Deze week uit de burgerschapskalender:
Gülücük! Felicitatie of scheldwoord? Wie de taal niet spreekt, kan maar moeilijk deel uitmaken van een samenleving. Je raakt snel in een isolement. Jammer, want een goede plek in de samenleving is erg bepalend voor hoe een mens zich voelt. Met andere woorden: wie geen Nederlands spreekt, maakt zichzelf ongelukkig. En gülücük is ‘glimlach’ in het Turks.
www.hetbegintmettaal.nl
We moeten Nederlands leren want anders worden we ongelukkig. Wat fijn dat de overheid zich druk maakt over ons geluk; een geluk dat bepaald schijnt te worden door het deel uitmaken van een samenleving. Geen wonder dat de overheid zich al druk maakt om taalachterstand bij kleine kinderen; wie is er niet gevoelig voor het argument van ongelukkige kleine kindertjes? Dat er pas sprake is van een achterstand in de taalontwikkeling wanneer een kind geen enkele taal spreekt en dat het leren van meerdere talen op zeer jonge leeftijd geen enkel probleem hoeft te zijn, dat lijkt er toch niet in te gaan.

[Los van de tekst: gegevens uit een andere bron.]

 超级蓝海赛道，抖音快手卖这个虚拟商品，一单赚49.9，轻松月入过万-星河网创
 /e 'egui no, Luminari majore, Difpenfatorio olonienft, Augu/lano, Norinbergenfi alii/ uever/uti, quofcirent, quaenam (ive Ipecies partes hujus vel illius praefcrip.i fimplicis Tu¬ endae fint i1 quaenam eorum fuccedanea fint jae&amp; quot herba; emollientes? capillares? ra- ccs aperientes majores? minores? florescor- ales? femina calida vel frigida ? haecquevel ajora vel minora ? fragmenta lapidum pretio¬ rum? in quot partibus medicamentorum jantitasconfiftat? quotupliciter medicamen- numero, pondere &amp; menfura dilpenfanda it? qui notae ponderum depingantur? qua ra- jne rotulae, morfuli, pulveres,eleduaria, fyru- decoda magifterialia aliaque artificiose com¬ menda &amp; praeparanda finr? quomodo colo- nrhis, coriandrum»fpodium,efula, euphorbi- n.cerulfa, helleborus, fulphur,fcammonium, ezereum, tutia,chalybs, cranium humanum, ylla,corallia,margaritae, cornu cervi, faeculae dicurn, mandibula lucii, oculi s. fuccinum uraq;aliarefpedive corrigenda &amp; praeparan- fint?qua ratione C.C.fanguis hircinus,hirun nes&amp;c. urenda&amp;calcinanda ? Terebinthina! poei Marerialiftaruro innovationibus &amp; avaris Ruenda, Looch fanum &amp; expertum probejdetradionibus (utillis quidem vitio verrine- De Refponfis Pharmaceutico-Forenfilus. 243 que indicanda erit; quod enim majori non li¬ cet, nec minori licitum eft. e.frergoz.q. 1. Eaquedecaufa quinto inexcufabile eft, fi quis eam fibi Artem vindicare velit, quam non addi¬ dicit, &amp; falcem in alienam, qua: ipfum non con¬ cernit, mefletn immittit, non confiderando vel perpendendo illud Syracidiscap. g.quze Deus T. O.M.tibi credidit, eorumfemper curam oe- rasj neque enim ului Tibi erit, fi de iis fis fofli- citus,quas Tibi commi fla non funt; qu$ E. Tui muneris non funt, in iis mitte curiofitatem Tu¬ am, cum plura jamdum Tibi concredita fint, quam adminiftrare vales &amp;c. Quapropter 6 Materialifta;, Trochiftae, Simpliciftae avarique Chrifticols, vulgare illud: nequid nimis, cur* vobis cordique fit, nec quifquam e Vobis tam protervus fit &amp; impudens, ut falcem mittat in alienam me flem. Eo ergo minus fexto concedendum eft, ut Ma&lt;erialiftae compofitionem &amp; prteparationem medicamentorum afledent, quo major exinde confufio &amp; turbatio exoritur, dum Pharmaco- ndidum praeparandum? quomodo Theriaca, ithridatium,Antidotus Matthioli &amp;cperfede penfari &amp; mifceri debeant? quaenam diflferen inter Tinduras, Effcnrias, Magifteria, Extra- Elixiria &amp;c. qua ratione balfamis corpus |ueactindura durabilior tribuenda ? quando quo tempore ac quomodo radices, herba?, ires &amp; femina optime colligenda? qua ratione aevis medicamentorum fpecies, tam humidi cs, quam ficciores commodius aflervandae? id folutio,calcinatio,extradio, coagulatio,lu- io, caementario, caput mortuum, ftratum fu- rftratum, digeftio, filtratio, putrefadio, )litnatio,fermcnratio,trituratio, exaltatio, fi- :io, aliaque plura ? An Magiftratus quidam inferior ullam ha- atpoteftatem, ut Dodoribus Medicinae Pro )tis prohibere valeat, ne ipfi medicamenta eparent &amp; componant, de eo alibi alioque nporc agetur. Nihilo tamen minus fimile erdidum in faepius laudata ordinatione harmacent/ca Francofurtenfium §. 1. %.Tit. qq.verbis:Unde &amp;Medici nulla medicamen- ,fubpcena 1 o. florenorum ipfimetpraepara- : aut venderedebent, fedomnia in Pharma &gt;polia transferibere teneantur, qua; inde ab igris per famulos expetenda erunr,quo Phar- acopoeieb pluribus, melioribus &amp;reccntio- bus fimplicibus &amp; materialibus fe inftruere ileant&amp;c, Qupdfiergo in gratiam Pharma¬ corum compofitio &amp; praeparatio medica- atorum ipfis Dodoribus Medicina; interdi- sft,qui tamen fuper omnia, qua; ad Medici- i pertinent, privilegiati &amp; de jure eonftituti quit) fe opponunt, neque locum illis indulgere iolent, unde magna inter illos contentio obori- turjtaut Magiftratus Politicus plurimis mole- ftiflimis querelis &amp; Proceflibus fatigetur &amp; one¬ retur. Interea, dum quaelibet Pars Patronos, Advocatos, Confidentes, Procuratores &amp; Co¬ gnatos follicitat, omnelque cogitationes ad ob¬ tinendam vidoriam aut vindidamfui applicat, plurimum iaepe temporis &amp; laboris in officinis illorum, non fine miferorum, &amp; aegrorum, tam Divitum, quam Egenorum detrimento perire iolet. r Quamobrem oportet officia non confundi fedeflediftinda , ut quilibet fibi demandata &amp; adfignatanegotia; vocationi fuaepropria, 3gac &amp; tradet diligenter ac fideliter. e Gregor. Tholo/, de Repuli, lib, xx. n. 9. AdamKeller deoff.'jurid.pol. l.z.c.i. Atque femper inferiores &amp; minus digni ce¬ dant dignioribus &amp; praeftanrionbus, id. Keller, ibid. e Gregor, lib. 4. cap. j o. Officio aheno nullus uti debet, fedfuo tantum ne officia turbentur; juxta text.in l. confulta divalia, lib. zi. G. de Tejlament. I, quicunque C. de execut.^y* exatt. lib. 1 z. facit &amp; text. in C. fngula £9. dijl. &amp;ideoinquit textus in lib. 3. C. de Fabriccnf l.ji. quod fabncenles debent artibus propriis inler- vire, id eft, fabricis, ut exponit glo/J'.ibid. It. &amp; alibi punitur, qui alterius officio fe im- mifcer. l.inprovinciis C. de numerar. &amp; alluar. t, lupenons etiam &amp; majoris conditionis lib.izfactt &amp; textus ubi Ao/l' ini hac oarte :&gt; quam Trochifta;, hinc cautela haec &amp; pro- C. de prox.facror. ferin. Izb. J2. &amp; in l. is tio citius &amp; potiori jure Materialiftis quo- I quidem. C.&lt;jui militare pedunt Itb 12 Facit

Allochtonen hebben overigens de taalkloof, ten opzichte van Nederlanders, behoorlijk gedicht zo’n 40% in 13 jaar (2003). De achterstand is er dus nog wel, maar de vooruitgang is gigantisch. Is men daarmee nou ook gelukkig geworden? Nou zijn Nederlandse jongeren in het algemeen erg gelukkig schijnbaar en voor specifiek allochtone jongeren heb ik niet echt kunnen vinden. Taal is goed, taal is mooi, daar ben ik het wel mee eens, en ook dat taal handig is voor participatie in de samenleving. Het omgekeerde, dat gebrekkige taal leidt tot isolement en dat dat een probleem is weet ik nog niet zo net. Hoeveel expats, Japanners en wat dies meer zij spreken goed Nederlands? Verkeren zij een isolement? De Japanners misschien wel, maar een kniesoor die daar een probleem van maakt; zij gedragen zich immers keurig. Verder is ook nog maar de vraag of goede taalbeheersing leidt tot participatie, want daarvoor is ook toegang tot de arbeidsmarkt nodig. De deur daarvoor moet ook door anderen opengehouden worden en (ervaring met) discriminatie is dan toch wel wat lastig. Al met al is het toch een vrij rooskleurig, probleemloos begrip van burgerschap dat de overheid ons hier en in de al eerder genoemde weken (en in de nog komende weken) probeert voor te houden (op te dringen?).